[Saved entries]
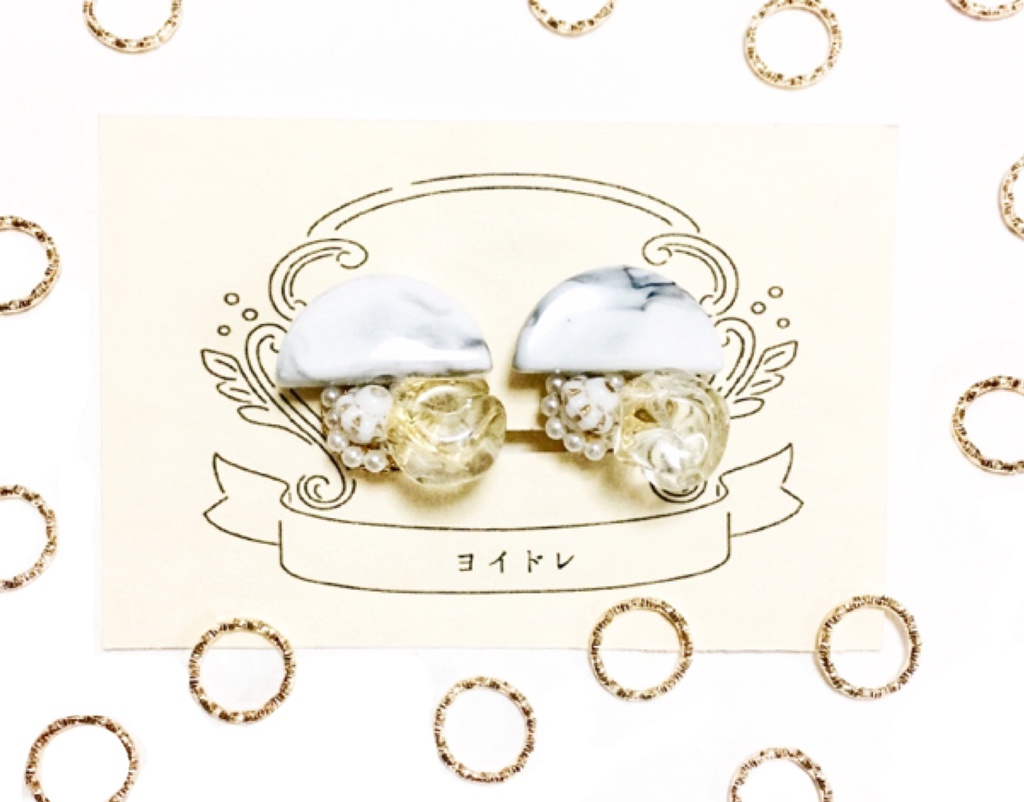 ◆SALE◆鶴見中尉のピアス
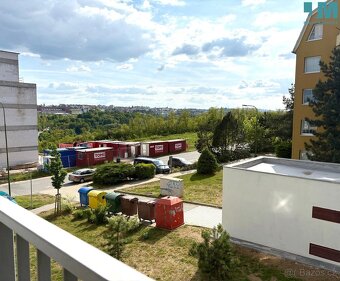 Prodej byty 1+kk, 46 m2 - Třebíč - Nové Město, balkon, sklep - 15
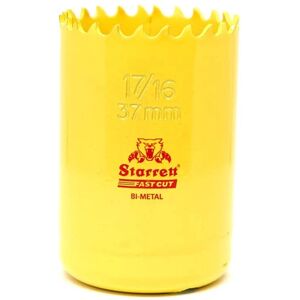 Starrett FCH0176 Bi-Metal Holesaw 37mm - Holesaw Starrett FCH0176 Bi-Metal Holesaw 37mm - Holesaw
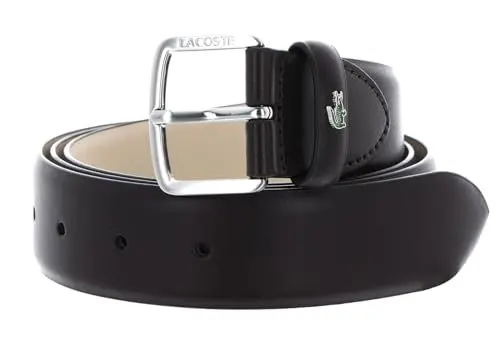 Produktbild: Lacoste Herren Gürtel RC4091, Männer Sportlicher Gürtel,Accessoire,028 (028),100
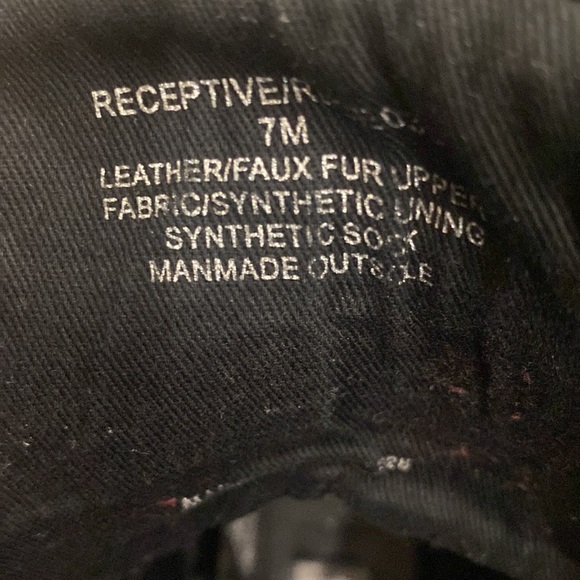 Steve Madden Receptive Boot - Picture 3 of 6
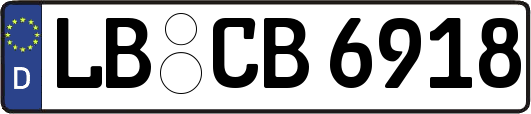 LB-CB6918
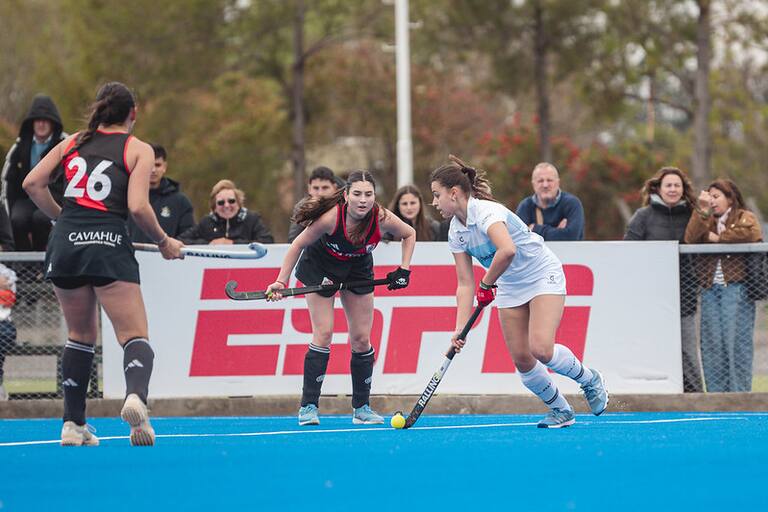 GEBA se medirá ante Belgrano Athletic por los cuartos de final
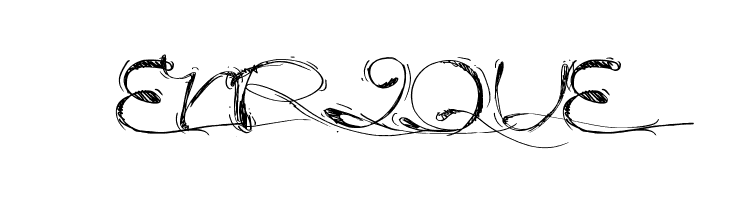 Drunk Tattoo  Free Fonts Download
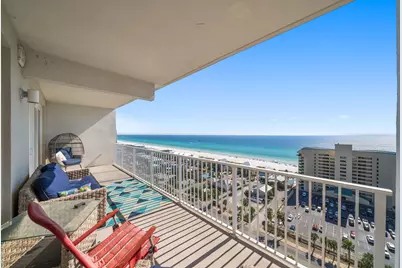 9860 S Thomas Drive S #1508, Panama City Beach, FL 32408 - Photo 1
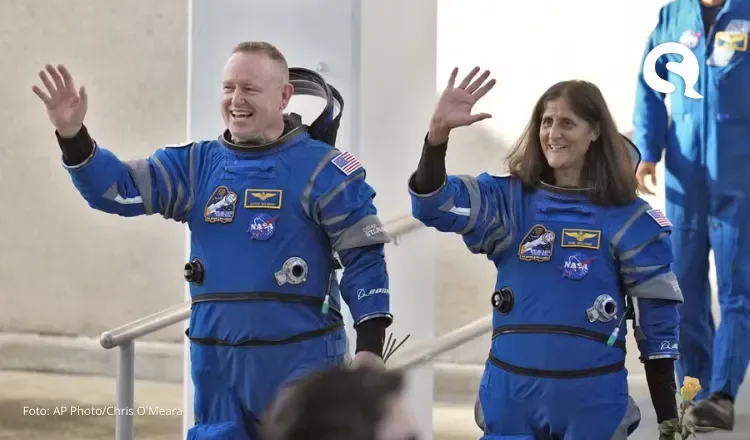 Como a Nasa pretende resgatar os astronautas ‘presos’ na ISS
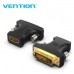 ADAPTADOR HDMI/H A DVI/M NEGRO VENTION (Espera 4 dias)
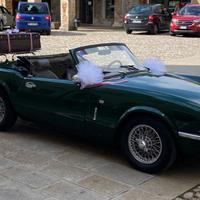 Triumph Spitfire 1500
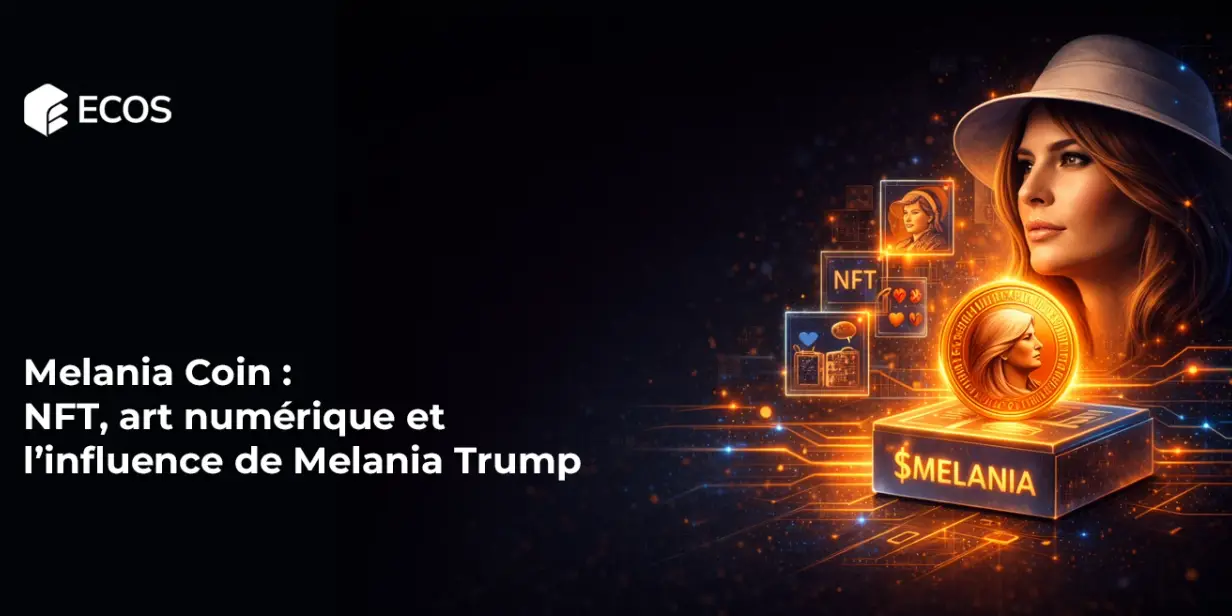 Melania Coin : NFT, art numérique et l’influence de Melania Trump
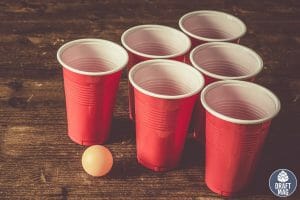 Beer Pong Team Names Far From Sober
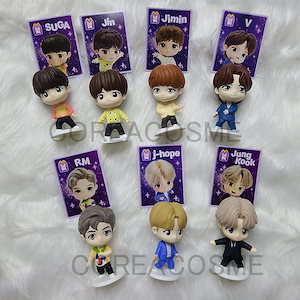 bts マクドナルド フィギュア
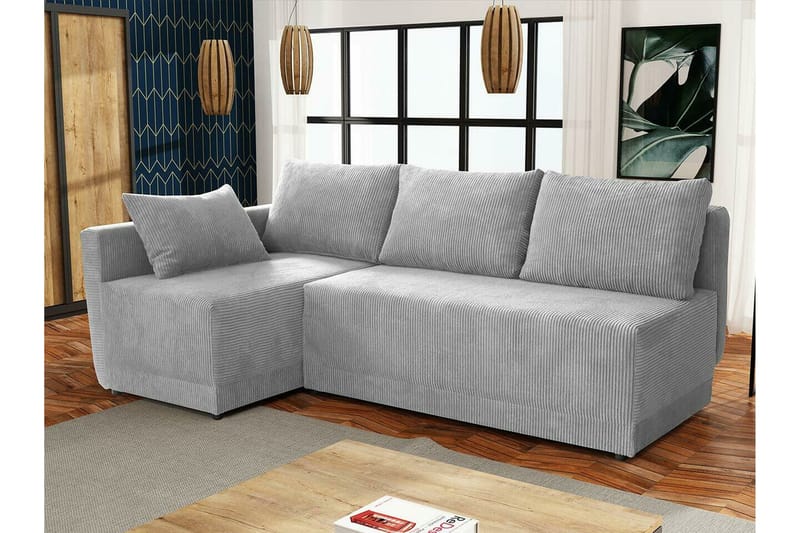 Denegal 3-sits Hörnbäddsoffa - Möbler - Soffa - Bäddsoffa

* [Exercise objective] Write out exactly the lines from the one containing "GEBA se medirá" through the last line of the records above, both ends included, and leave out any pictures.

* [Exercise result]
 GEBA se medirá ante Belgrano Athletic por los cuartos de final
 Drunk Tattoo  Free Fonts Download
 9860 S Thomas Drive S #1508, Panama City Beach, FL 32408 - Photo 1
 Como a Nasa pretende resgatar os astronautas ‘presos’ na ISS
 ADAPTADOR HDMI/H A DVI/M NEGRO VENTION (Espera 4 dias)
 Triumph Spitfire 1500
 Melania Coin : NFT, art numérique et l’influence de Melania Trump
 Beer Pong Team Names Far From Sober
 bts マクドナルド フィギュア
 Denegal 3-sits Hörnbäddsoffa - Möbler - Soffa - Bäddsoffa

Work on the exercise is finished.